„Nie mogąc zmusić do ustępstw ani Zachodu, ani Ukrainy, Władimir Putin musiał znaleźć alternatywny scenariusz pozwalający mu wyjść z twarzą z konfliktu. Uznanie tzw. niepodległości Doniecka i Ługańska to nic innego jak plan B” – pisze Witold Jurasz, prezes Ośrodka Analiz Strategicznych w portalu Onet.pl. Także Agnieszka Bryc na łamach „Polityki” twierdzi, że „interwencja w Donbasie to plan B”: „Kreml działa przeciwskutecznie, nie dość, że nie złamał Ukrainy, to ją skonsolidował. (...) Doprowadził do bezprecedensowego zjednoczenia w NATO”. Z kolei na Wyborcza.pl Wiktoria Bieliaszyn pisze, że „Rosjanie są w szoku”, i przytacza liczne głosy Rosjan potępiających Putina w mediach społecznościowych.

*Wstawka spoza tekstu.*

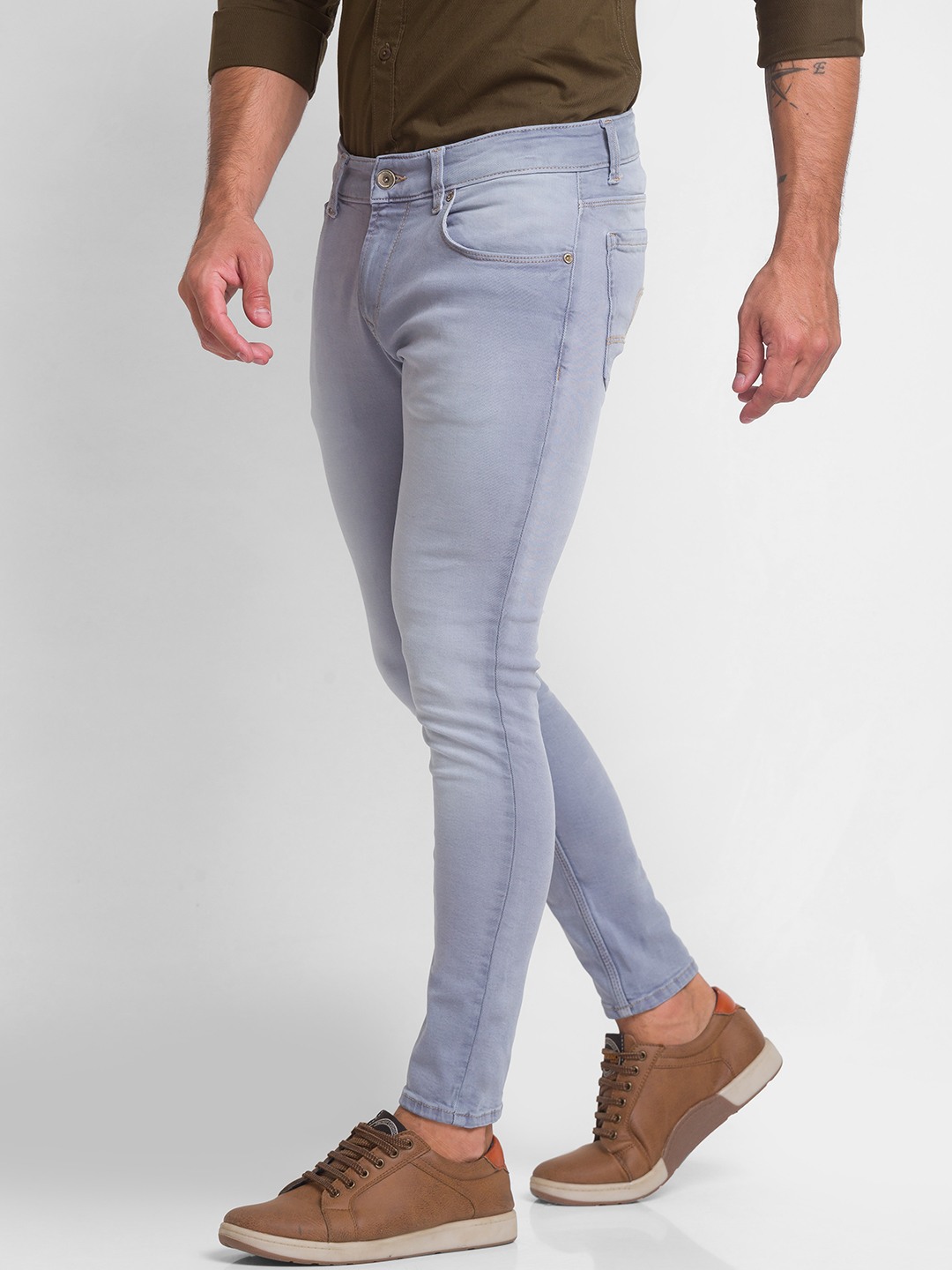 Men's Grey Cotton Solid Slim Jeans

To byłoby krzepiące, ale niestety, kiedy zajrzymy na stronę Centrum Lewady, jedynego wiarygodnego ośrodka badań w Moskwie, zobaczymy, że poparcie dla Putina wzrosło ostatnio o 5 pkt proc. i wynosi 69 proc. (sondaż ze stycznia 2022 r.). Podobnie jest z tym „planem B”.
Czytaj też: Czy Ukraina ma się jak bronić?
Putin zobaczył, że haczyk nie działa
To nie jest żaden „plan B”, tylko nieodmiennie, od lat, konsekwentnie realizowany plan A.